Il prelievo era stato approvato lo scorso agosto, ma a settembre il governo ha offerto una scappatoia, dando la possibilità alle banche di scegliere tra pagare la tassa e porre gli utili a riserva, senza poterli distribuire tra gli azioni. Ed esattamente così è andata. In questo modo, Intesa, Unicredit, Banco Bpm, Mps, Bper, Popolare di Sondrio, Credem e Mediobanca, le grandi banche del nostro Paese, hanno risparmiato circa 1,8 miliardi di euro di imposte, aumentando contestualmente il proprio patrimonio di 4,5 miliardi di euro.

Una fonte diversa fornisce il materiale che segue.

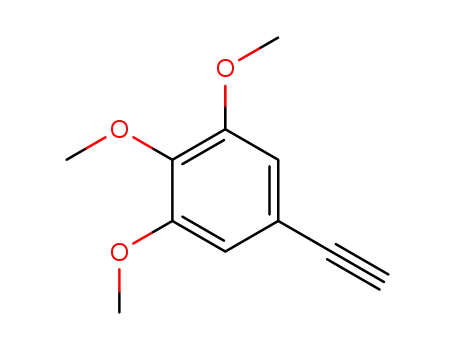 Molecular Structure of 53560-33-1 (Benzene, 5-ethynyl-1,2,3-trimethoxy-)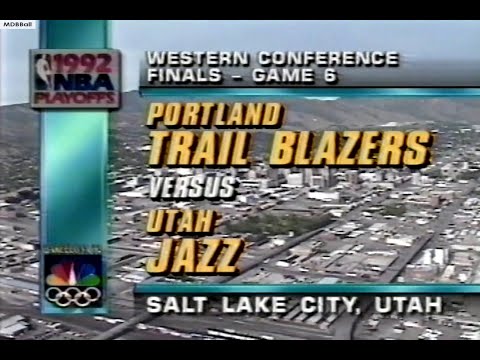 NBA On NBC - Blazers @ Jazz 1992 WCF Game 6!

E così hanno fatto anche alcune banche a controllo pubblico, come Monte dei Paschi di Siena e Mediocredito Centrale.

Non solo. Come ricostruito da ‘Il Fatto Quotidiano’, il caso Mps sfiora il colmo. Salvata nel 2017 con un investimento da parte dello Stato da 5,4 miliardi di euro, Monte dei Paschi di Siena ha come azionista, per il 64%, il Ministero dell’Economia, che ha versato 2,1 miliardi di aumento di capitale. Mps ha chiuso con quasi 1 miliardo di utili e prevede profitti per 1,1 miliardi entro fine anno, proprio grazie al margine di interesse. Ciononostante, due giorni fa il Consiglio di Amministrazione di Mps ha reso noto di aver deciso di destinare a riserva 312,7 milioni a livello di gruppo. “Il fatto che, mettiamola così, anche Giorgetti attraverso il Mps controllato dal Mef eluda la tassa della Meloni, è la fine grottesca di uno dei tanti esempi del populismo degli annunci che caratterizza questa maggioranza”, è stato il commento del deputato di +Europa Benedetto Della Vedova.